Das Wort kommt aus dem griechischen von dys = miss-, morphe = Gestalt, äußere Erscheinung, phobios = Furcht, Angst, also die "Furcht vor Missgestalt". Dysmorphophobie ist eine psychische Erkrankung, bei der die Betroffenen meinen stark entstellt zu sein. Dabei ist der vermeintliche Mangel für andere entweder kaum oder sogar gar nicht zu bemerken. Aufgrund ihrer Angst überprüfen Dysmorphophiker ständig den vermeintlichen Defekt – mindestens eine Stunde pro Tag. 35 Prozent denken sogar mehr als acht Stunden am Tag daran. Sie kontrollieren sich ständig im Spiegel, haben das Gefühl, von allen angestarrt zu werden und machen sich laufend Gedanken zum Beispiel: wie findet mich meine Umwelt oder warum habe ich nur diesen Makel? Der ganze Alltag dreht sich um das angebliche mangelhafte Aussehen, irgendwann treten dann zwanghafte Verhaltensweisen auf.

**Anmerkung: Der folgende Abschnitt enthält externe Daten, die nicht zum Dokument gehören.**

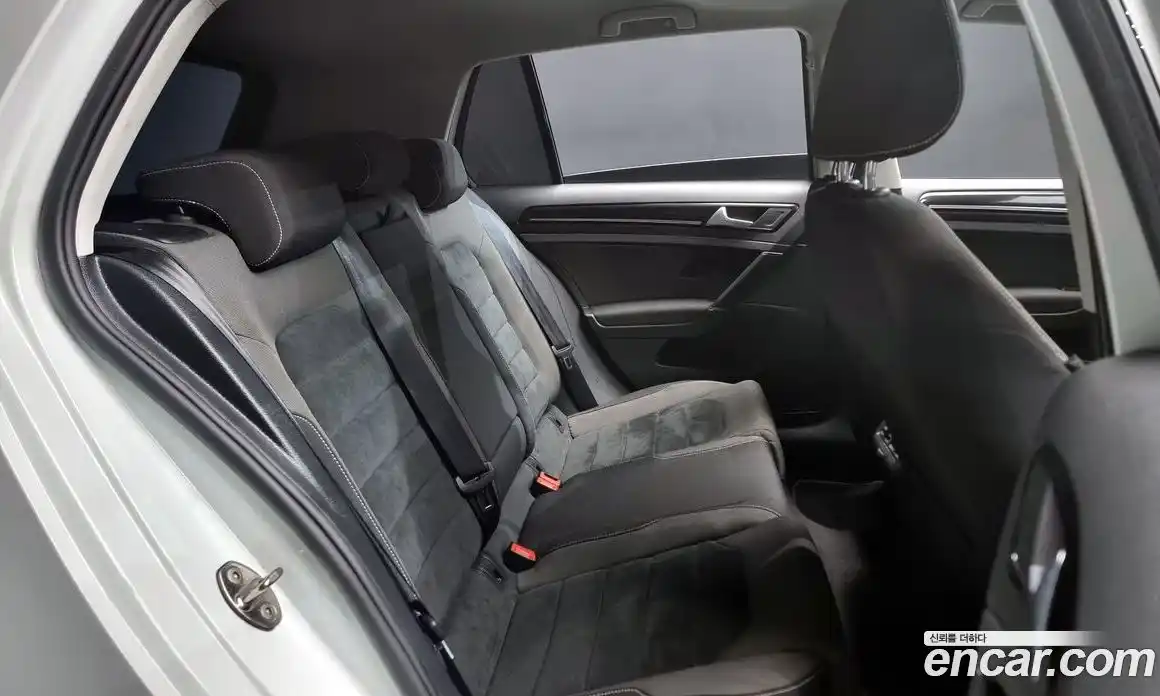 Volkswagen Golf 2015 2.0 Автомат в Москве № 628917, фото 12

Selbstunsicherheit und Minderwertigkeitgefühle

Dysmorphophiker erleben sich selbst als ausgesprochen unattraktiv, entstellt oder hässlich. Die Lebensfreude schwindet mehr und mehr, neue Ängste wie beispielsweise die Angst vor einer Beziehung kommen dazu. Die Betroffenen verfallen häufig in Depressionen. Oft trauen sie sich nicht mehr aus dem Haus und ziehen sich immer mehr vom sozialen Leben zurück. Für andere Menschen sind diese Verhaltensweisen nicht nachvollziehbar, da sie den Grund nicht kennen und auch nicht nachvollziehen können. Ob vorstehende Zähne oder X-Beine – alles kann als Mangel empfunden werden. Falten im Gesicht, die Form der Nase oder des Mundes, dünnes Haar bei Männern, dicke Oberschenkel – die Liste ließe sich noch beliebig fortsetzen.

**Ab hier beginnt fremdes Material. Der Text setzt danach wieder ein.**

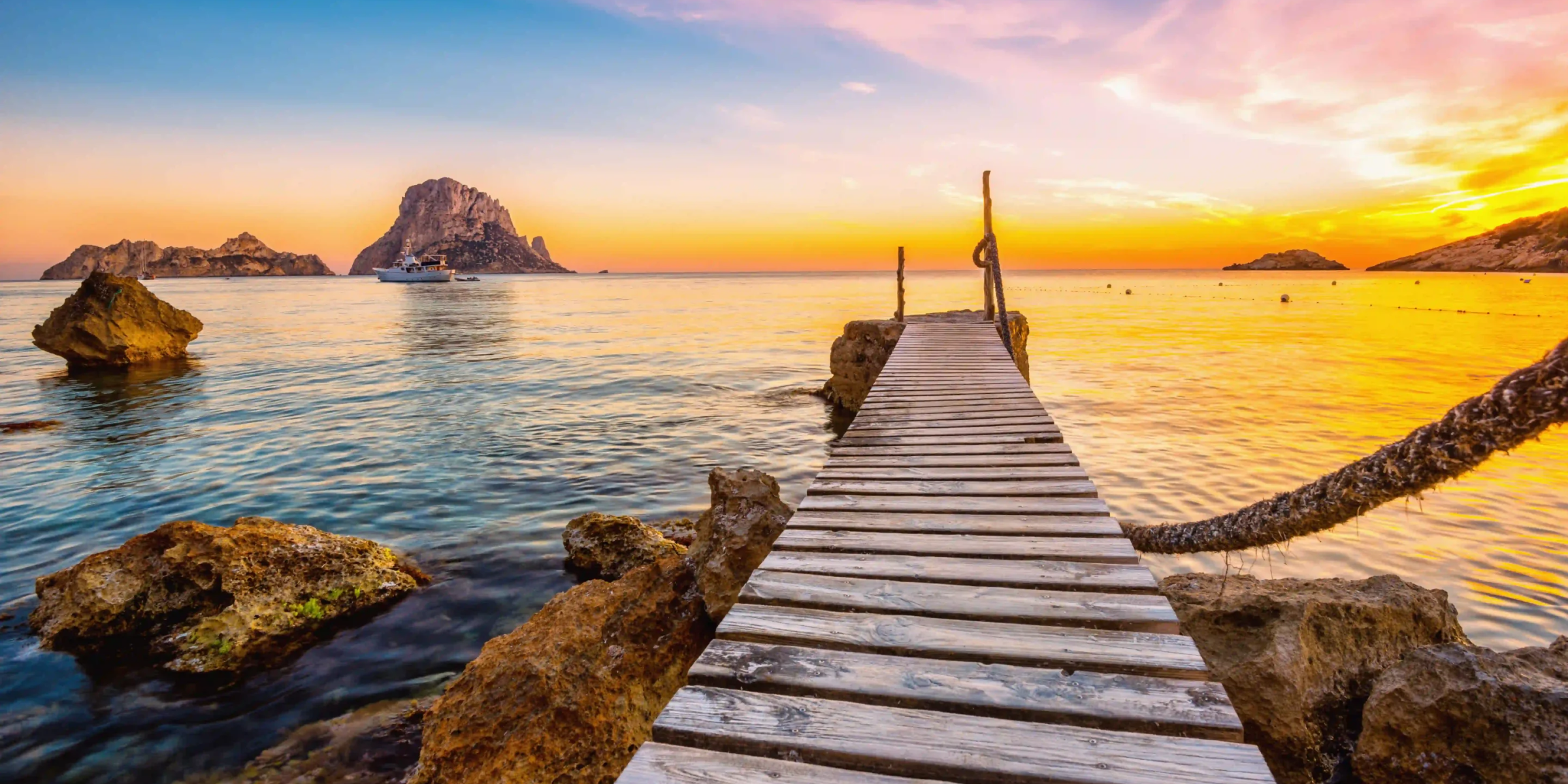 Coverfoto dream coast ambiance aroma met houten steiger bij zonsondergang aan de kust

Von Dysmorphophobie betroffen

Menschen zwischen 15 und 30 Jahren sind am häufigsten betroffen; Männer und Frauen zu gleichen Teilen. Über die Hintergründe einer solchen Störung ist bisher nicht viel bekannt geworden, dass diese psychische Erkrankung zu nachhaltigen sozialen, beruflichen und sonstigen Beeinträchtigungen führt, ist jedoch jedermann einleuchtend. Wer unter einer Dysmorphophobie leidet, kann sich meistens ohne ärztliche Hilfe nicht mehr selbst befreien. Eine psychotherapeutische Behandlung kann bei der Beseitigung der Störung helfen.